▸ Data supplied:
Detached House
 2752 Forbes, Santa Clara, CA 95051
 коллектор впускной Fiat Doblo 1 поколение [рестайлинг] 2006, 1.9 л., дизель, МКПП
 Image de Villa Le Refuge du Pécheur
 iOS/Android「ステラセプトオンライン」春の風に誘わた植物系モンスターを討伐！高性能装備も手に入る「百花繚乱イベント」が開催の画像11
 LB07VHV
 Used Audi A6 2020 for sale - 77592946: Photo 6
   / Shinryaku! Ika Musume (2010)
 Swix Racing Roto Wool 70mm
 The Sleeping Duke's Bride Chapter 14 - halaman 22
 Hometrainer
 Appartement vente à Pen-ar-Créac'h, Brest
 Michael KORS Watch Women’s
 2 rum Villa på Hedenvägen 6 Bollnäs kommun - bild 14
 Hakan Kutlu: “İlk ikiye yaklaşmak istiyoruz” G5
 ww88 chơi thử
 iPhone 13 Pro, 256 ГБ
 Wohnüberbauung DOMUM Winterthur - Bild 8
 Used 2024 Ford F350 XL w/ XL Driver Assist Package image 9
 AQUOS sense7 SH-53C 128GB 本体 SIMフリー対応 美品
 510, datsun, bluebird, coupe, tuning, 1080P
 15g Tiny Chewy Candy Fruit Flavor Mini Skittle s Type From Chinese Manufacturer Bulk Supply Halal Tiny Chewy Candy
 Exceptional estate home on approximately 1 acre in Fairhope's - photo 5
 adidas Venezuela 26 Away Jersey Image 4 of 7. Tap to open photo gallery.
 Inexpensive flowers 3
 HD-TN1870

▸ Directions for this task: Could you transcribe all of the data exactly as it is given?

▸ Expected output:
Detached House
 2752 Forbes, Santa Clara, CA 95051
 коллектор впускной Fiat Doblo 1 поколение [рестайлинг] 2006, 1.9 л., дизель, МКПП
 Image de Villa Le Refuge du Pécheur
 iOS/Android「ステラセプトオンライン」春の風に誘わた植物系モンスターを討伐！高性能装備も手に入る「百花繚乱イベント」が開催の画像11
 LB07VHV
 Used Audi A6 2020 for sale - 77592946: Photo 6
   / Shinryaku! Ika Musume (2010)
 Swix Racing Roto Wool 70mm
 The Sleeping Duke's Bride Chapter 14 - halaman 22
 Hometrainer
 Appartement vente à Pen-ar-Créac'h, Brest
 Michael KORS Watch Women’s
 2 rum Villa på Hedenvägen 6 Bollnäs kommun - bild 14
 Hakan Kutlu: “İlk ikiye yaklaşmak istiyoruz” G5
 ww88 chơi thử
 iPhone 13 Pro, 256 ГБ
 Wohnüberbauung DOMUM Winterthur - Bild 8
 Used 2024 Ford F350 XL w/ XL Driver Assist Package image 9
 AQUOS sense7 SH-53C 128GB 本体 SIMフリー対応 美品
 510, datsun, bluebird, coupe, tuning, 1080P
 15g Tiny Chewy Candy Fruit Flavor Mini Skittle s Type From Chinese Manufacturer Bulk Supply Halal Tiny Chewy Candy
 Exceptional estate home on approximately 1 acre in Fairhope's - photo 5
 adidas Venezuela 26 Away Jersey Image 4 of 7. Tap to open photo gallery.
 Inexpensive flowers 3
 HD-TN1870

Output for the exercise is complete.